ARM assembler instructions

Moreover, all instruction lines that start with one of the following ARM assembler mnemonics (case-ignorantly) are considered as ready-to-use ARM instructions (without further syntax analysis, only variable names will be replaced by register names and unprefixed integer literals will be prefixed with '#'):
add, adc, adcs, and, asr, b, bic, bkpt, cdc, cdp, clz, cmn, cmp, cpsid, cpsie, cpy, eor, ldc, ldm, ldr, lsl, lsr, mcr, mla, mov, mrc, mrrc, mrs, msr, mul, orr, pkhbt, pkhtb, rev, rfe, ror, rrx, rsb, rsc, sel, setend, sbc, smla, smlsd, smmla, smmls, smuadx, srs, ssat, stc, stm, str, sub, swi, sxtab, sxtah, sxtb, sxth, teq, tst, usat, uxtab, uxtah, uxtb, uxth.
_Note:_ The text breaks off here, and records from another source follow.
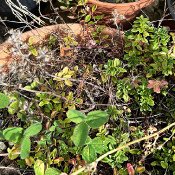 Cuscuta epithymum sp. epithymum, 3.10.21_2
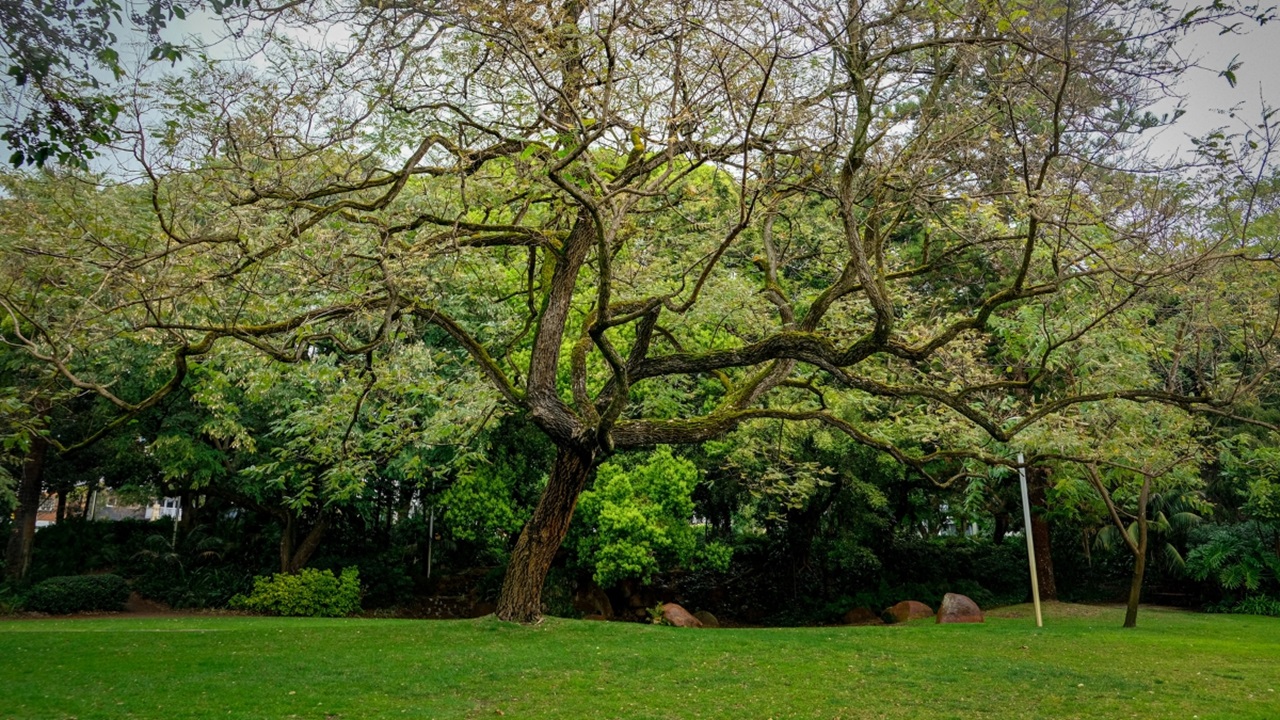 Harold Boas Gardens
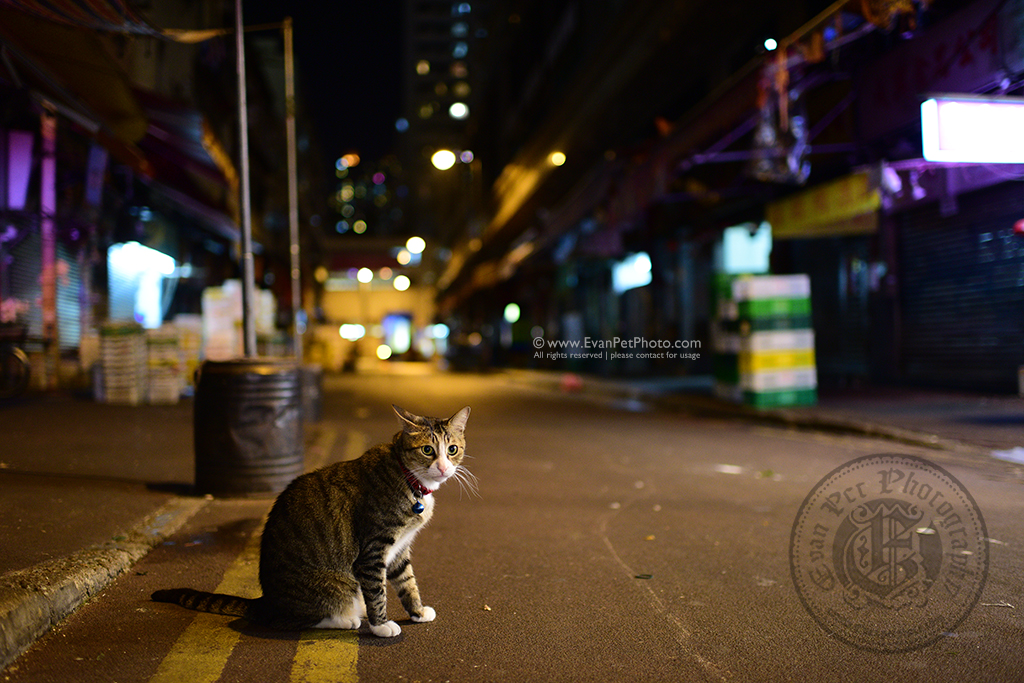 cat photo, street cat, 街貓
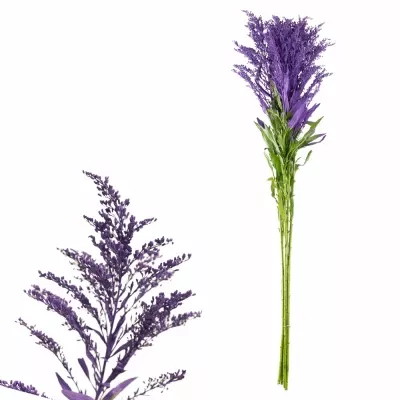 SOLIDAGO PURPLE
Consequences of ARM syntax limitations

The following screenshot shows the consequences of the syntax limitations. The restrictive syntax check complains about the input instruction with prompt string, whereas the code preview demonstrates that ARM generator actually copes with it. It produces more efficient code than from sequences of single input/output elements, by the way since repeated assignments to the address register can be omitted:

Syntax check and compilation result

The above complained assignment expression with two operators can still not be converted, indeed.